Energy consumption estimation integrated into the Electric Vehicle Routing Problem
Artikel i vetenskaplig tidskrift, 2019
When planning routes for fleets of electric commercial vehicles, it is necessary to precisely predict the energy required to drive and plan for charging whenever needed, in order to manage their driving range limitations. Although there are several energy estimation models available in the literature, so far integration with Vehicle Routing Problems has been limited and without demonstrated accuracy. This paper introduces the Two-stage Electric Vehicle Routing Problem (2sEVRP) that incorporates improved energy consumption estimation by considering detailed topography and speed profiles. First, a method to calculate energy cost coefficients for the road network is outlined. Since the driving cycle is unknown, the model generates an approximation based on a linear function of mass, as the latter is only determined while routing. These coefficients embed information about topography, speed, powertrain efficiency and the effect of acceleration and braking at traffic lights and intersections.

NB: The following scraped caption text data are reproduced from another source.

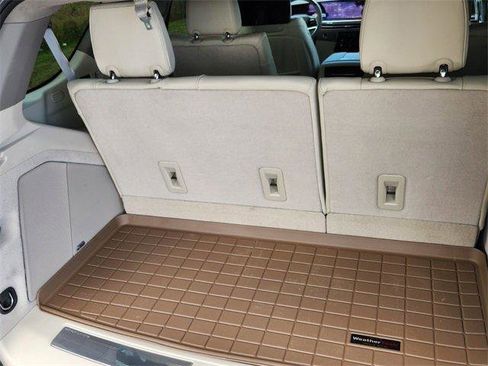 Certified 2025 Cadillac Escalade Premium Luxury Platinum image 21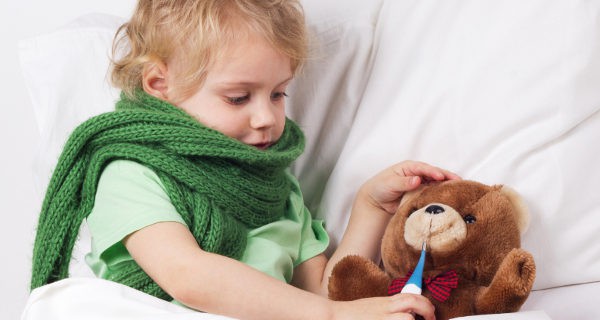 niño enfermo con su peluche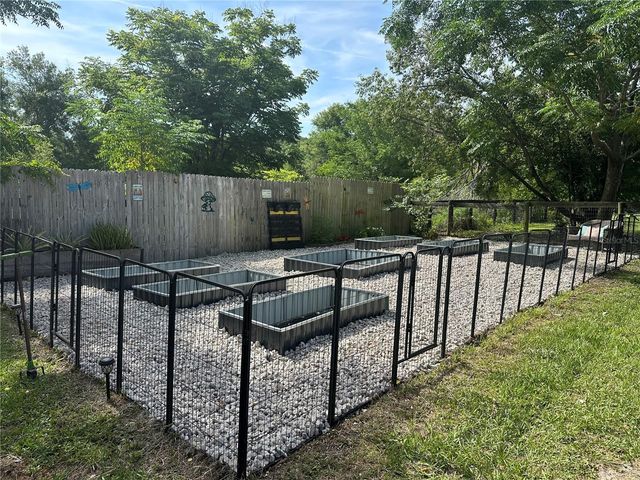 2406 LAKE ELLA ROAD, Fruitland Park, FL 34731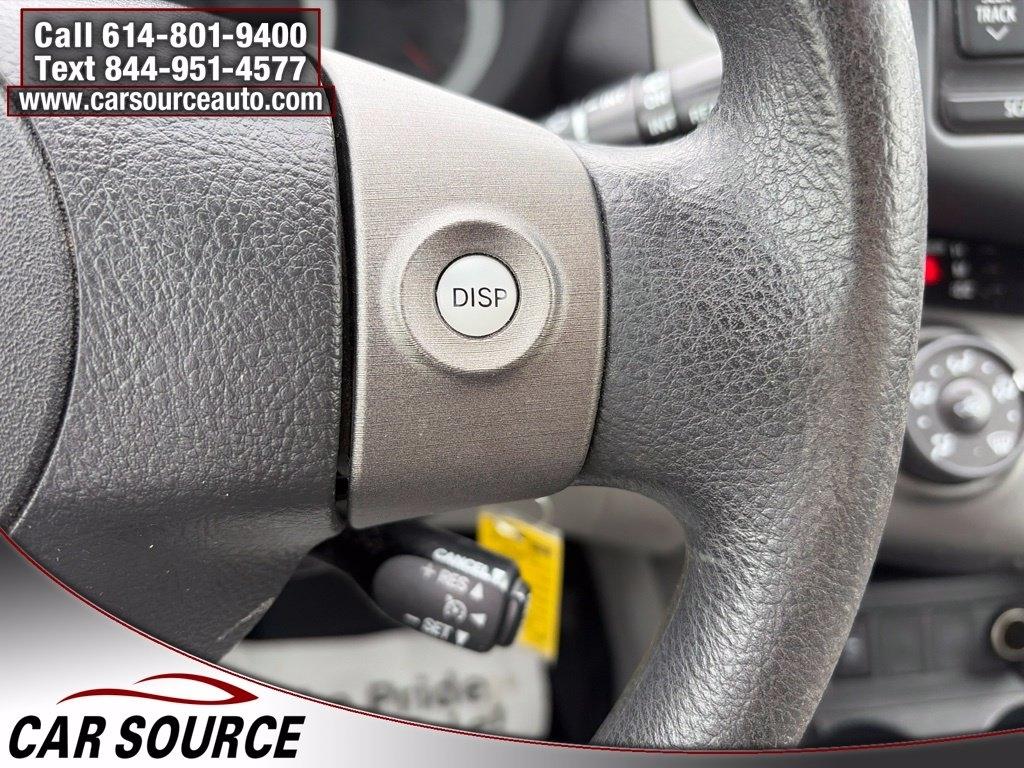 Toyota RAV4  2012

Secondly, an integrated two-stage approach is described, which finds the best paths between pairs of destinations and then finds the best routes including battery and time-window constraints. Energy consumption is used as objective function including payload and auxiliary systems. The road cost coefficients are aggregated to generate the path cost coefficients that are used in the routing problem. In this way it is possible to get a proper approximation of the complete driving cycle for the routes and accurate energy consumption estimation. Lastly, numerical experiments are shown based on the road network from Gothenburg-Sweden. Energy estimation is compared with real consumption data from an all-electric bus from a public transport route and with high-fidelity vehicle simulations. Routing experiments focus on trucks for urban distribution of goods. The results indicate that time and energy estimations are significantly more precise than existing methods. Consequently the planned routes are expected to be feasible in terms of energy demand and that charging stops are properly included when necessary.